On the bright side, when I load one of the new roi_traces.h5 or experiment_dff.h5 files that was generated yesterday, I can see that there are >60 traces, which means there were plenty of ROIs segmented, which is a big step forward! When I plot the traces from the manually loaded file, some of them look normal-ish, but many of them look like noise, which is probably because we haven’t applied a classifier yet (which is fine at this point).

Heres an example of a trace from manually loaded file: image.png

morriscb commented 2 years ago

Scott's comment is that this is due to the SDK expecting data products from legacy segmentation to be present. As we aren't running these legacy pipelines for these data, the failures are not unexpected.
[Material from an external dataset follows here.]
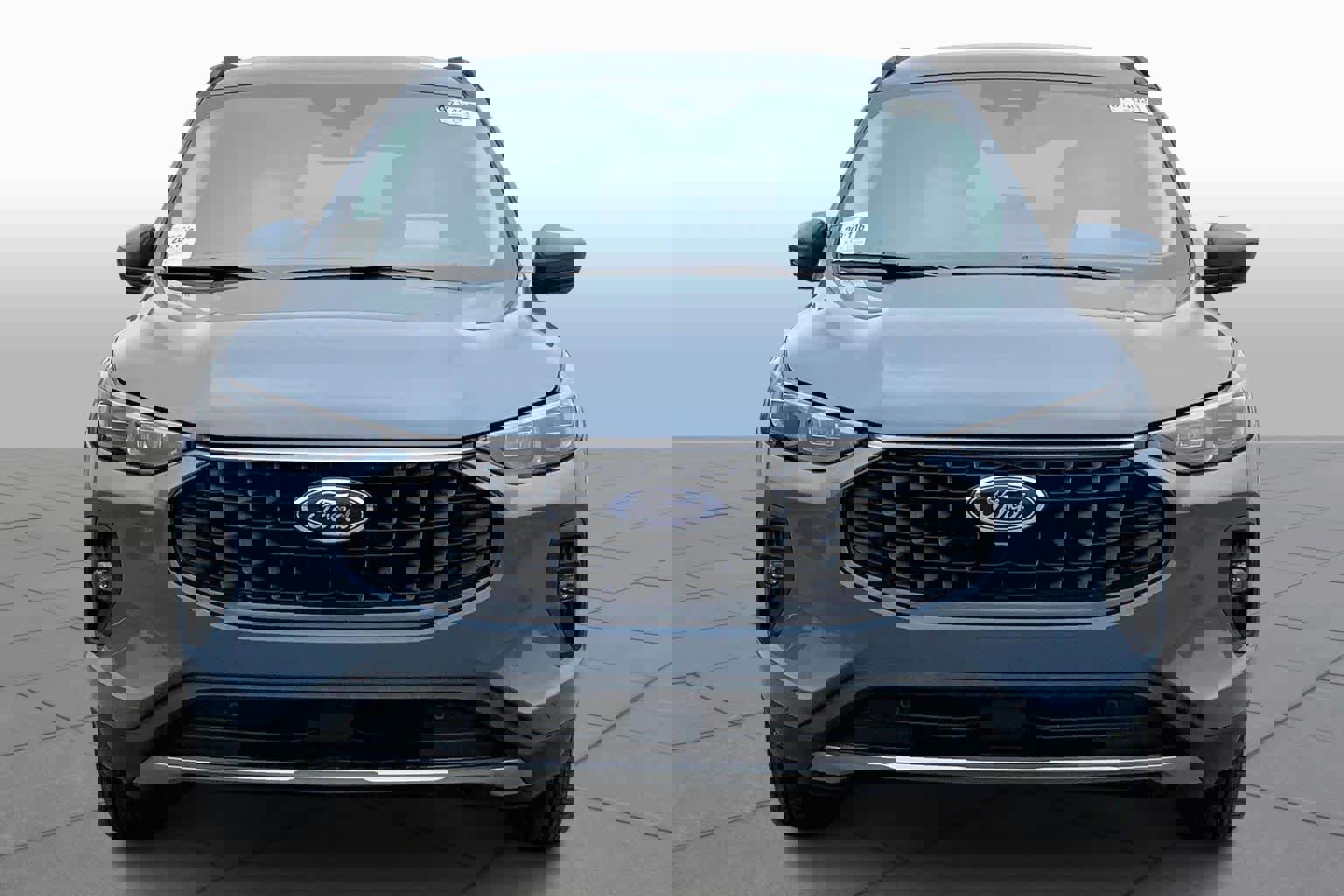 Certified 2025 Ford Escape SE w/ PHEV Premium Package image 4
A meeting with Marina to get requirements for running and what is "done" will help. #2458

The line of code that is actually failing for Marina is failing on this query

                SELECT
                    wkf.storage_directory || wkf.filename AS filepath,
                    wkft.name as wkfn
                FROM ophys_experiments oe
                JOIN ophys_cell_segmentation_runs ocsr
                ON ocsr.ophys_experiment_id = oe.id
                JOIN well_known_files wkf ON wkf.attachable_id = ocsr.id
                JOIN well_known_file_types wkft
                ON wkft.id = wkf.well_known_file_type_id
                WHERE ocsr.current = 't'
                AND wkf.attachable_type = 'OphysCellSegmentationRun'
                AND wkft.name IN ('OphysMaxIntImage',
                    'OphysAverageIntensityProjectionImage')
                AND oe.id = {};

Those OphysMaxIntImage, OphysAverageIntensityProjectionImage reek of legacy motion correction/segmentation to me.

So, I think the actual problem is that trying to load a BehaviorSession with the SDK involves trying to load the entire legacy data model as it existed circa March 2021, whereas what we have been trying to support is “just get me some modern traces and worry about the rest later.” Unless that is not what we are trying to support right now and we really do need to get every data structure for learning-mFISH in a state such that the SDK can load it.

This is probably something we need to talk about (defining “doneness” for this scope of work). I seem to recall Chris suggesting such a conversation somewhere in this thread, but I may be hallucinating that.

Cheers,

morriscb commented 2 years ago

After chatting to Marina, she said she would send me the notebook she used to access the SDK so I can test loading the data and any modifications we make to it.

morriscb commented 2 years ago

I terms of fixing this issue, the plan currently is to modify the LIMS query to attempt to load the suite2p motion correction projection images first and then failing that default to loading the legacy segmentation projection images. mFish will currently work on this as a branch and if we get the okay from stake holders, merge this into a future verion of the SDK.

morriscb commented 2 years ago

Issues fixed by updating LIMS to write up both the average and max image in the suite2p motion correction queue and adding the query for those images to LIMS.